Buzzfeed Jew Discovers Le Happy Merchant

Andrew Anglin
Daily Stormer
February 8, 2015

Hm
Hm

A Jew named Bernstein who writes for Buzzfeed has written an entirely crappy article about Le Happy Merchant.  I am continually shocked not so much by the ridiculous content of these mainstream Jew websites, but by the low quality of the writing itself.

Everyone knows it is the best picture ever.
Everyone knows it is the best picture ever.

For whatever reason, the Jew Bernstein does not identify Le Happy Merchant as Le Happy Merchant, but instead calls him “Jew-bwa-ha-ha.gif.”  He also claims “we” (unclear if he means the Jews, the Buzzfeed staff or if he refers to his own person as “we”) found the man who drew it, while in actual physical reality (as opposed to the Jew fantasy world), /pol/ figured out A. Wyatt Mann was Nick Bougas like four years ago.

He begins by mourning the reality of meme culture.

What is most significant about this image isn’t the thing itself — there is far more creative, and far more disturbing, anti-Jewish imagery out there — but its sheer ubiquity. A Google reverse image search for “Jew-bwa-ha-ha.gif,” as the file is most frequently, but not always, named, returns 1,210 matches. It’s unquestionably the most popular anti-Semitic image on the internet, and if one pauses to think about the scope and reach of the internet, it’s easy to make an argument that “Jew-bwa-ha-ha.gif” is the most widely seen anti-Semitic image in history.

So where did it come from, and how is it used?

The drawing has become a mainstay not just of the internet presence of political causes that are sometimes or usually anti-Semitic in their rhetoric, but an established unit in the set of images that comprises the visual language of Reddit, and 4chan, and dozens of other internet fora. And just like every other unit in this set, from photographs and GIFs we find hilarious and adorable to those we find offensive and disgusting, it exists not just as a single image but as a template, a base model for more ornate iterations.

Indeed, the modifications of Jew-bwa-ha-ha.gif are endless.

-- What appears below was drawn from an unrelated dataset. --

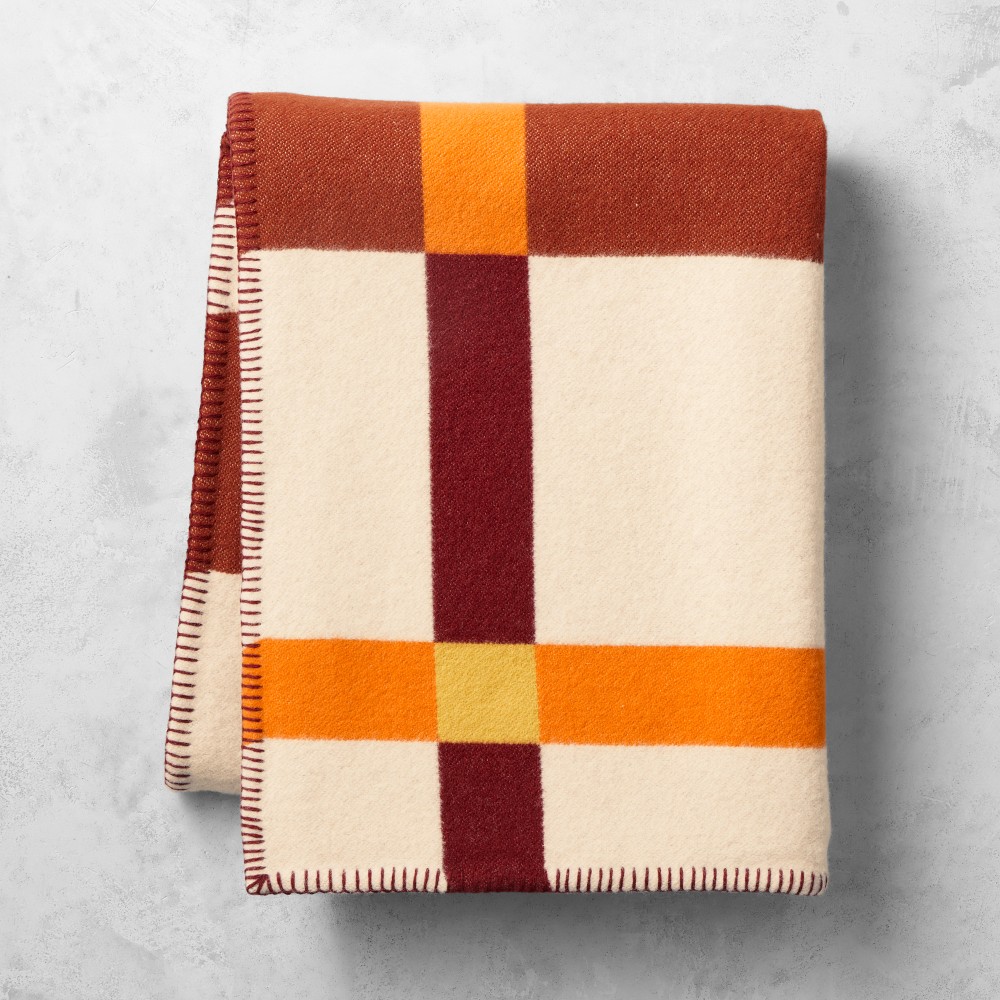 Keiran Wool Jacquard Throw, Orange - 50" X 70", Orange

He does not attempt to explain why so many people hate the Jews and thus desire to mock them with this image. In fact, he spins it that “maybe they don’t really hate us” and “it’s just for shock value.”

Then the dumb Jew has to call up USHMM to find out if the picture was personally drawn by Adolf Hitler himself.

According to Judith Cohen, the chief photo archivist for the United States Holocaust Memorial Museum, the image isn’t a Nazi Party caricature at all, though it does clearly bear the influence of Philipp Ruprecht, the Stürmer cartoonist who was sentenced to six years of hard labor after World War II for his work.

The rest of the stupid and boring article is just him going through making know-nothings think he is the World’s Greatest Jew Detective for having discovered Nick Bougas drew the Merchant, when the only detective work he would have had to do is go on /pol/ and ask someone, since everyone there has known this for years.

Funnily enough, he makes a point to go into Bougas’ motivations, deciding that most likely he was just a counter-culture guy opposed to political correctness, who didn’t really hate the Jews and want to see them rounded up and shipped to some gigantic concentration camp somewhere in Africa or Antarctica.

Nick Bougas, Patton Oswalt and Jim Goad
Nick Bougas, Patton Oswalt and Jim Goad

This is a theme I’m seeing more and more with these Jews.  Instead of pushing this “oy vey, we’re victims, everyone hates us and is trying to turn us into lampshades” business, they are opting instead for a “nah, people don’t really hate us, they just give us a hard time for laughs” approach.

If I had to guess, I would assert that we are witnessing the Jewish hive-mind catch on to the reality that when people hear of others hating the Jews they are no longer saying “oh you poor dear!  I’ll help you stop them from making you into a lampshade!”  And instead saying “yeah, all of these people do hate you, merchant.  I’m thinking that with so many people across the planet hating you, they probably have a reason.  What did you do?”